早朝より空一面一点の雲もなく、正に来島以来隨一の好晴。日食は何年前かに計算された予報の時刻と僅か3,4秒の差を以って始まり。決第に蝕まれ遂に2分5秒間皆既となった。息詰るような緊張のうちに諸種の観測は果たされた。皆既中の天地は美観と言おうか凄壮と言おうか、その神秘的な光景は簡単に言い表すことは出来ない。尊い2分間よ、観測成功の電報にわが国民こぞって慶賀したと後に聞いた。こういう学界の出來事に関して直ちに我が事のように同情同感を持ち得る日本の国民性に敬服しかつ羨むとは同行米国人の述懐であった。
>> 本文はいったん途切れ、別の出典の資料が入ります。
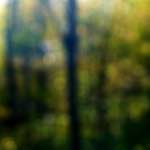 image: Image from the photoset &lsquo;wood (xxiii)&rsquo;.
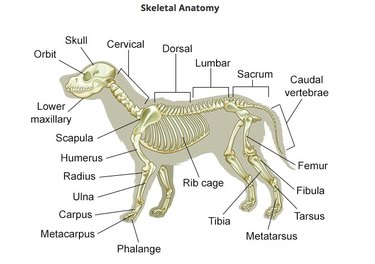 Diagram of dog skeletal system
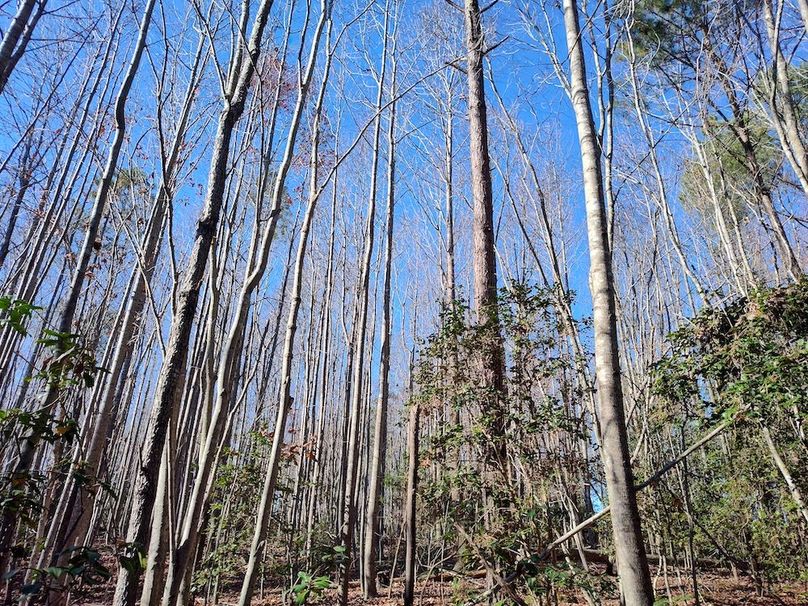 IMG_20251124_115502316_HDR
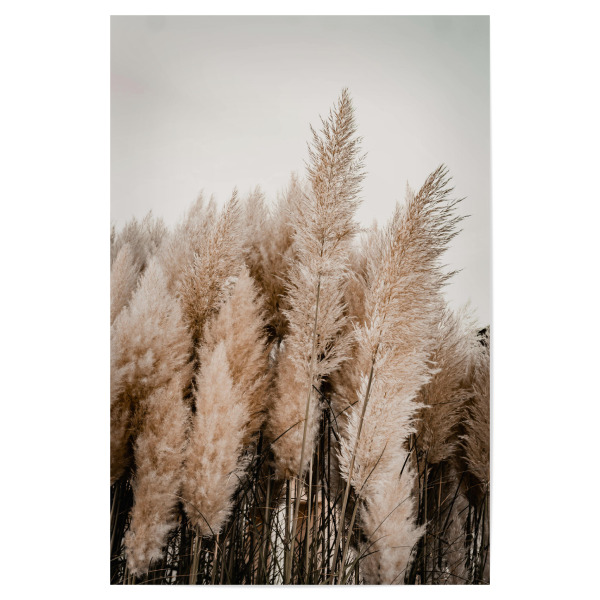 Poster 30x20 cm "Pampas gras - boho" artboxONE - Natur,Floral - Pampas,Gras,Strandgras,Strand,Urlaub,Reise,Boho,Bohemian,Floral,Natur,Pflanzen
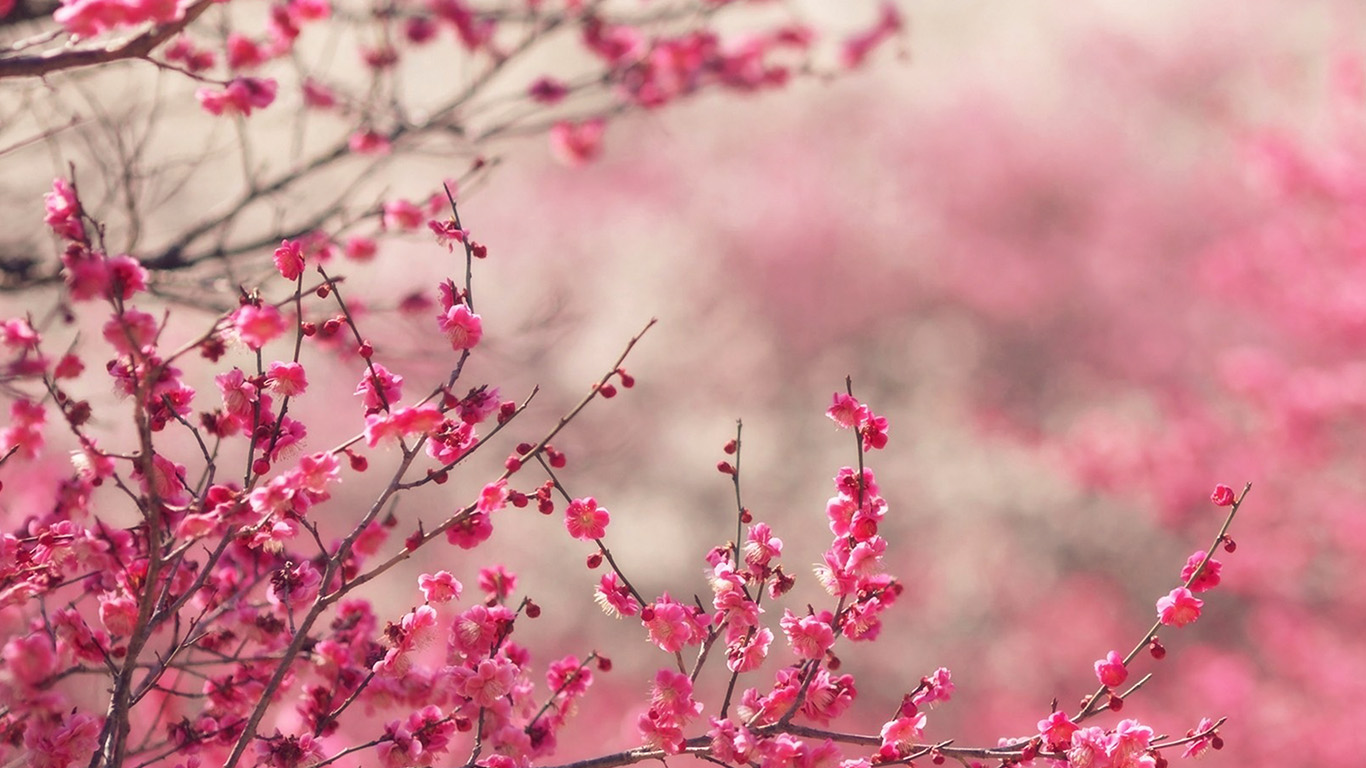 A close up of a tree with pink flowers. - Spring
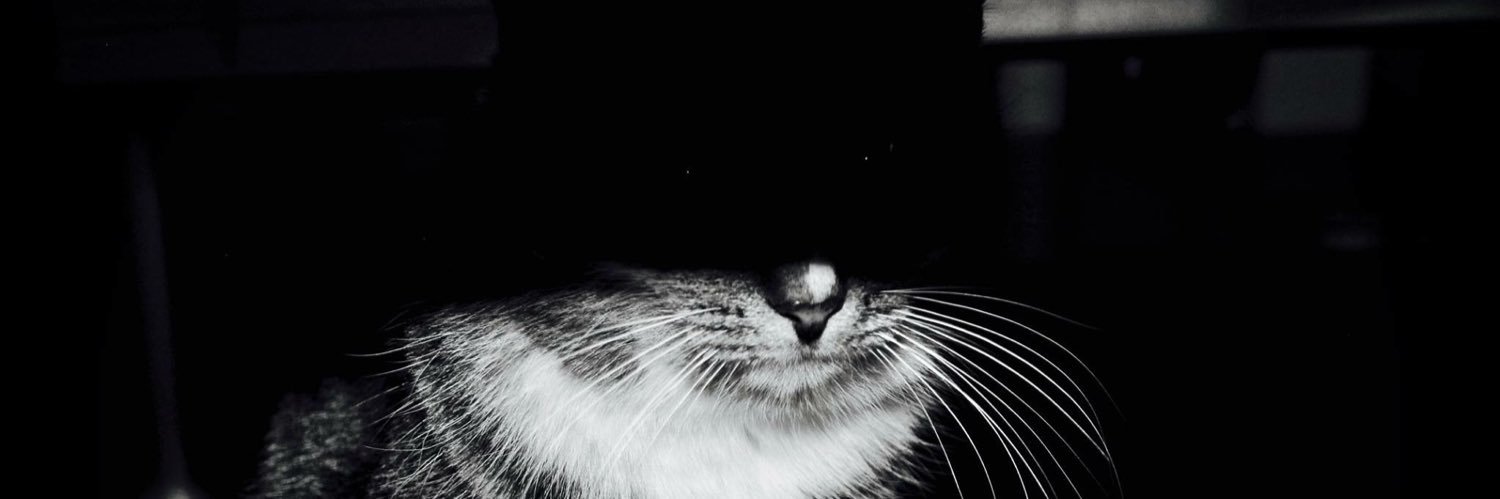 marf3120's profile banner image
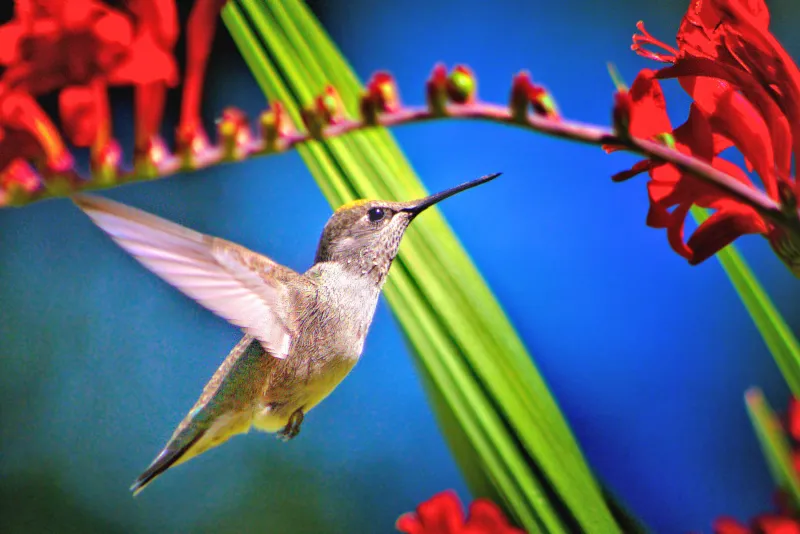 Hummingbird Bird Wallpaper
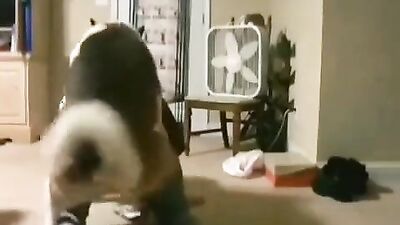 Animal sex porn: dog x girl porno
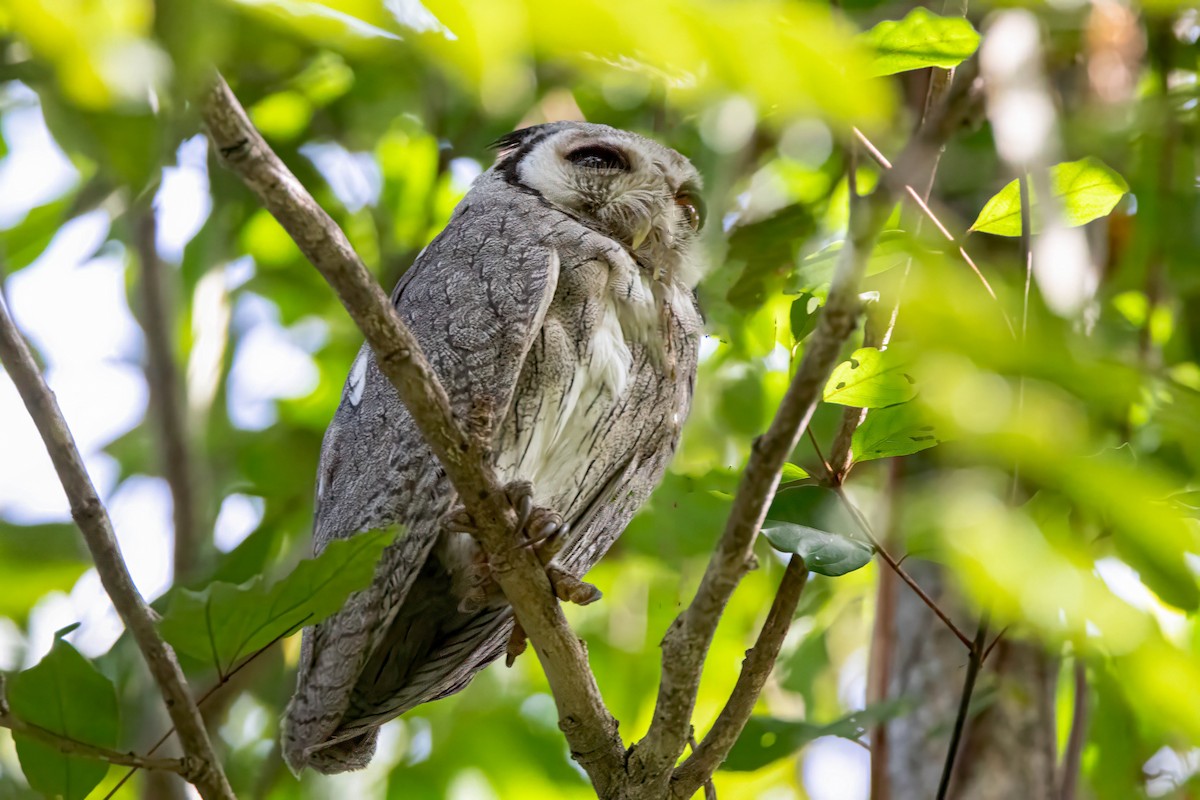 Northern White-faced Owl - ML612380120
島民には事前に、日食なるものの様子を語り、少しも驚き怖れることはないと説明して、人間には今から何百年後の日食でも正確に予報する能力を与えられていること、造物主の智恵は更に更に正確なことを話した。私は皆既の前後自分の器械のことで隣のレオール島へ往復したが、島民は広場に集まり静粛に座して、教へられた燻し硝子をかざして興味深げに見物していた。そして私が通るや晴々とした面持ちで微笑を以って会釈をした。
過去の日食遠征に於いて日食始まるや、屢々迷信深き土民は恐怖の余り呼喚慟哭して騒いだということを回想して、彼らの統制節度には雲泥の差のあることを強く感じた。
日食が済んだと思うと空一面の雲が出、午後は大夕立となった。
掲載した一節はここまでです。